About 30 companies, each with millions of app-activated two-wheelers, have been competing for Chinese commuters since early 2016. And the sector is growing: Market analysts expect these companies to add nearly 30 million new bikes to their combined inventories this year alone.
Workers assemble shared bicycles in a manufacturing workshop in Tianjing on March 11. An average of six bicycles roll off the assembly line every minute. Photo: Yang Yifan/Caixin
The torrent of low-rent two-wheelers pouring onto city streets has raised questions about the future and profit potential for bike-sharing companies, each of which has leaned heavily on investors for startup cash.
The industry’s long-term prospects could be hindered by city governments that have signaled an interest in more closely controlling these park-anywhere bicycles, which have been known to clog sidewalks in congested areas.
Other risks loom for bicycle and bike-parts manufacturers, many of which have expanded plants rapidly in recent months to accommodate bike-sharing company demand.
Industry experts such as Guo Jingjing, vice president of bike manufacturer 700Bike, and Lu Jiangcheng, founder of bike-sharing app Qibei, have warned about a possible bust that could follow on the heels of the current boom.
“After one or two years, orders from bike-sharing companies may fall sharply,” Lu said. “That would weaken demand and hurt small bike-manufacturer competitiveness.”
Assembly takes place on the shared-bicycle production line in the factory of Flying Pigeon, a Chinese bicycle manufacturer, in Tianjin, on March 11. Monthly production of the Ofo shared bicycle from the Flying Pigeon Co. has reached 400,000. Photo: Yang Yifan/Caixin
Even investors who have bankrolled the bike-sharing movement may be affected as the sector matures.
Ma Huateng, the Tencent Holdings Ltd.
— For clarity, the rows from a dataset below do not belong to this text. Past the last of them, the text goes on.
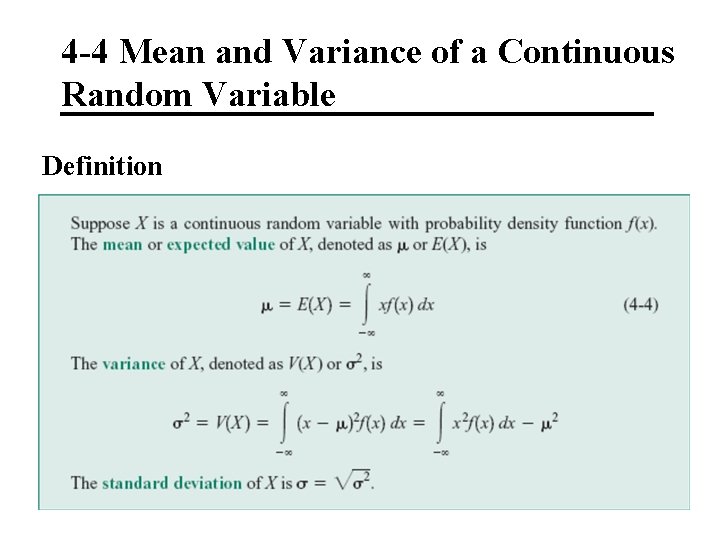 4 -4 Mean and Variance of a Continuous Random Variable Definition 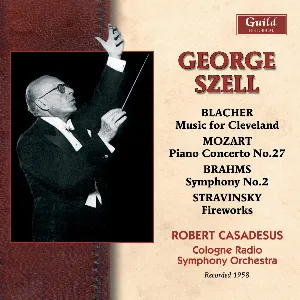 Pochette Blacher: Music for Cleveland / Mozart: Piano Concerto no. 27 / Brahms: Symphony no. 2 / Stravinsky: Fireworks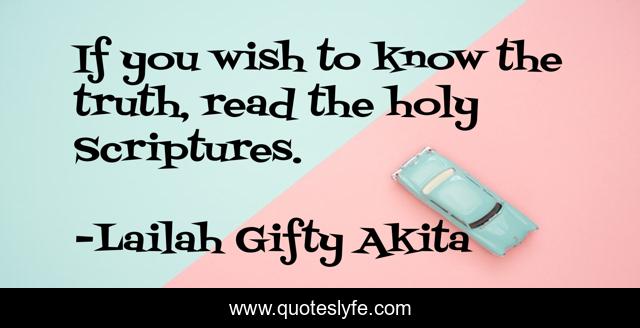 If you wish to know the truth, read the holy Scriptures.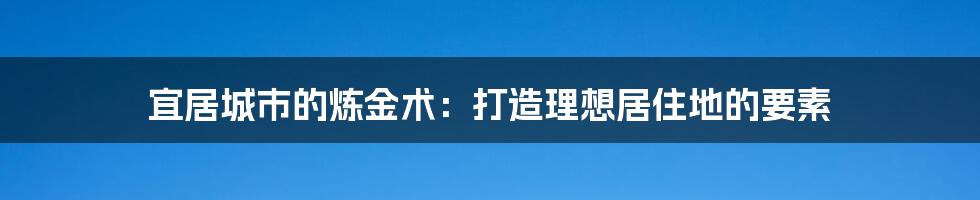 宜居城市的炼金术：打造理想居住地的要素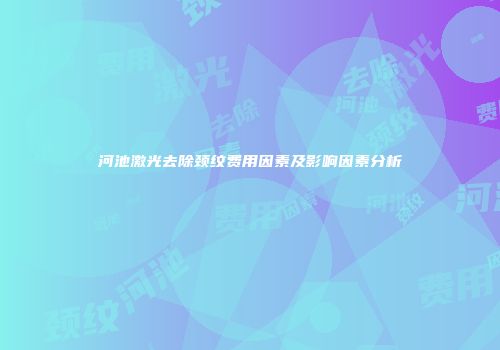 河池激光去除颈纹费用因素及影响因素分析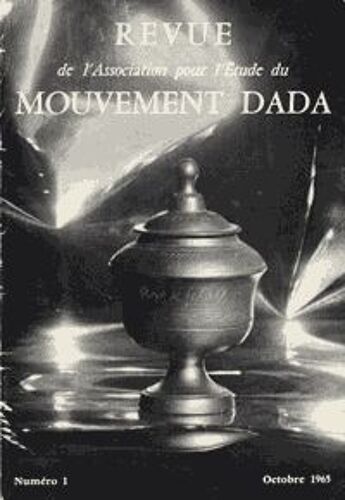 Revue De L'association Pour L'etude Du Mouvement Dada  N° 1 : Robert Desnos-Lettre Inédite De Théodore Fraenkel À Tzara- Textes:Sanouillet, Béhar, Goriély, Décaudin, Forster, Le Bot, Cassou, Rovini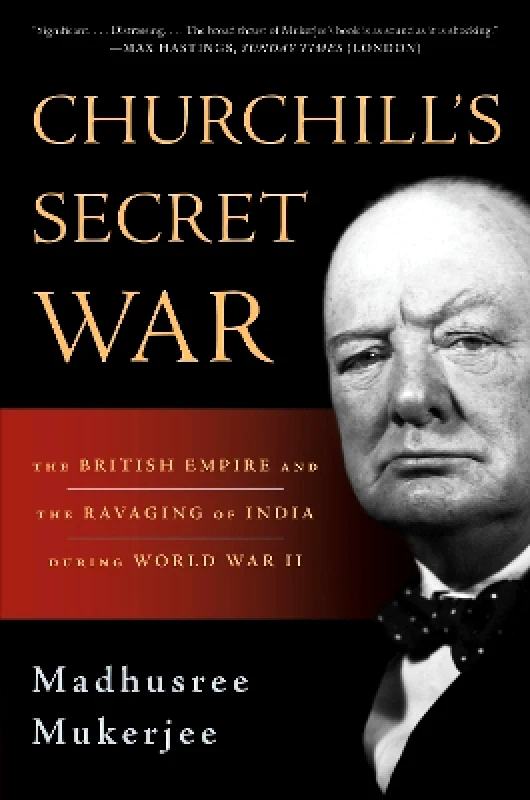 Basic Books Churchill's Secret War: The British Empire and the Ravaging of India during World War II Madhusree Mukerjee Basic Books 0712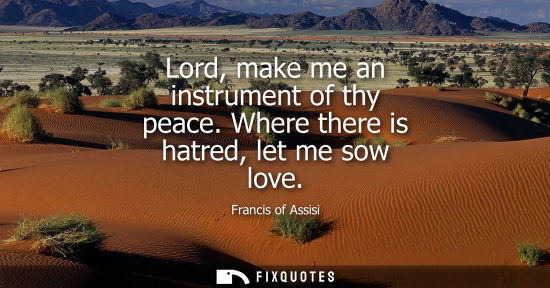 Small: Lord, make me an instrument of thy peace. Where there is hatred, let me sow love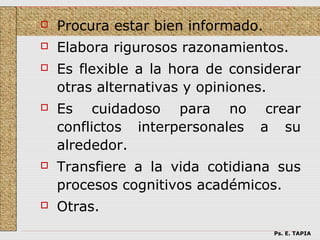    Procura estar bien informado.
   Elabora rigurosos razonamientos.
   Es flexible a la hora de considerar
    otras alternativas y opiniones.
   Es cuidadoso para no          crear
    conflictos interpersonales   a su
    alrededor.
   Transfiere a la vida cotidiana sus
    procesos cognitivos académicos.
   Otras.
                                    Ps. E. TAPIA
CEO whose social networking firm has invested in leading player Beijing Mobike Technology Co., said in March during this year’s national legislators’ meeting in Beijing that “bike-sharing’s capital-fueled expansion has come too fast.”
Market values of bike-sharing companies have been rising in recent months but have yet to be properly tested, said a venture capital investor who declined to be identified.
And industry investors may face future risks as “there is likely no easy exit for a bike-sharing investment,” he said.
A number of early bike-sharing investors initially got involved in part due to a shortage of attractive investment targets in China, said Wang Lixing, managing director of the Beijing-based investment bank China Renaissance.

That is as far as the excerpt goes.